Batching Meta-Gradient Across Tasks

Kind of does the job but not that great. Let's reduce the variance of gradients in outer loop by averaging across a batch of tasks (not just one task at a time).

vmap is awesome it enables nice handling of batching at two levels: inner-level "intra-task" batching, and outer level batching across tasks.

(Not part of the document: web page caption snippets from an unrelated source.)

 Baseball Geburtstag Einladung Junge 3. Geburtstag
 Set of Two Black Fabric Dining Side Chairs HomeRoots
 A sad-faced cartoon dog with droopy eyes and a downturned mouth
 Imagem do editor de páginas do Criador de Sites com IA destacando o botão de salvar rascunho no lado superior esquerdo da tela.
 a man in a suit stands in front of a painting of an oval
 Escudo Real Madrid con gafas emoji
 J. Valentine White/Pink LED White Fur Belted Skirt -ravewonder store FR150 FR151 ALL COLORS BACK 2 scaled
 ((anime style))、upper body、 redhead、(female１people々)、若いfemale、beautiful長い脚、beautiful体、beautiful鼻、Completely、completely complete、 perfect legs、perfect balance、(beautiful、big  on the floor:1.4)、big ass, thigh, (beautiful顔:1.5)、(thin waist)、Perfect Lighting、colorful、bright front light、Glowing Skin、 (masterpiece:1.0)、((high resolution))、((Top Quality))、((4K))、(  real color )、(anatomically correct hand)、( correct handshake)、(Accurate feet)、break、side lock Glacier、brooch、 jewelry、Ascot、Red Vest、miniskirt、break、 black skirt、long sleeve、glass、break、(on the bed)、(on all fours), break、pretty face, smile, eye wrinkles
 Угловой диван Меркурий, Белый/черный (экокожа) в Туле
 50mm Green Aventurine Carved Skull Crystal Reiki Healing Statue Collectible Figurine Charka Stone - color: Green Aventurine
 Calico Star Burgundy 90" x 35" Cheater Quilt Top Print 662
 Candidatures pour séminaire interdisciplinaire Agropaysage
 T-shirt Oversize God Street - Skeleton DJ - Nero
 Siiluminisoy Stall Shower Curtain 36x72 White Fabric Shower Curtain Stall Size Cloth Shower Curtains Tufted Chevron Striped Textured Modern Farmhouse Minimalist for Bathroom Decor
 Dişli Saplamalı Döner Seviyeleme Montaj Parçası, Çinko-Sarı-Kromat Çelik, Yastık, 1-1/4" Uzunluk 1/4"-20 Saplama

From a software engineering perspective, it is nice because the "task-batched" MAML implementation simply re-uses code from the non-task batched MAML algorithm, without losing any vectorization benefits.

In [0]:
def sample_tasks(outer_batch_size, inner_batch_size):
    # Select amplitude and phase for the task
    As = []
    phases = []
    for _ in range(outer_batch_size):        
        As.append(onp.random.uniform(low=0.1, high=.5))
        phases.append(onp.random.uniform(low=0., high=np.pi))
    def get_batch():
        xs, ys = [], []
        for A, phase in zip(As, phases):
            x = onp.random.uniform(low=-5., high=5., size=(inner_batch_size, 1))
            y = A * onp.sin(x + phase)
            xs.append(x)
            ys.append(y)
        return np.stack(xs), np.stack(ys)
    x1, y1 = get_batch()
    x2, y2 = get_batch()
    return x1, y1, x2, y2
In [17]:
outer_batch_size = 2
x1, y1, x2, y2 = sample_tasks(outer_batch_size, 50)
for i in range(outer_batch_size):
    plt.scatter(x1[i], y1[i], label='task{}-train'.format(i))
for i in range(outer_batch_size):
    plt.scatter(x2[i], y2[i], label='task{}-val'.format(i))
plt.legend()
Out[17]:
<matplotlib.legend.Legend at 0x7f6e5ff63748>
In [18]:
x2.shape
Out[18]:
(2, 50, 1)
In [20]:
opt_init, opt_update, get_params = optimizers.adam(step_size=1e-3)
out_shape, net_params = net_init(rng, in_shape)
opt_state = opt_init(net_params)

# vmapped version of maml loss.
# returns scalar for all tasks.
def batch_maml_loss(p, x1_b, y1_b, x2_b, y2_b):
    task_losses = vmap(partial(maml_loss, p))(x1_b, y1_b, x2_b, y2_b)
    return np.mean(task_losses)

@jit
def step(i, opt_state, x1, y1, x2, y2):
    p = get_params(opt_state)
    g = grad(batch_maml_loss)(p, x1, y1, x2, y2)
    l = batch_maml_loss(p, x1, y1, x2, y2)
    return opt_update(i, g, opt_state), l

np_batched_maml_loss = []
K=20
for i in range(20000):
    x1_b, y1_b, x2_b, y2_b = sample_tasks(4, K)
    opt_state, l = step(i, opt_state, x1_b, y1_b, x2_b, y2_b)
    np_batched_maml_loss.append(l)
    if i % 1000 == 0:
        print(i)
net_params = get_params(opt_state)
0
1000
2000
3000
4000
5000
6000
7000
8000
9000
10000
11000
12000
13000
14000
15000
16000
17000
18000
19000
In [21]:
# batch the inference across K=100
targets = np.sin(xrange_inputs)
predictions = vmap(partial(net_apply, net_params))(xrange_inputs)
plt.plot(xrange_inputs, predictions, label='pre-update predictions')
plt.plot(xrange_inputs, targets, label='target')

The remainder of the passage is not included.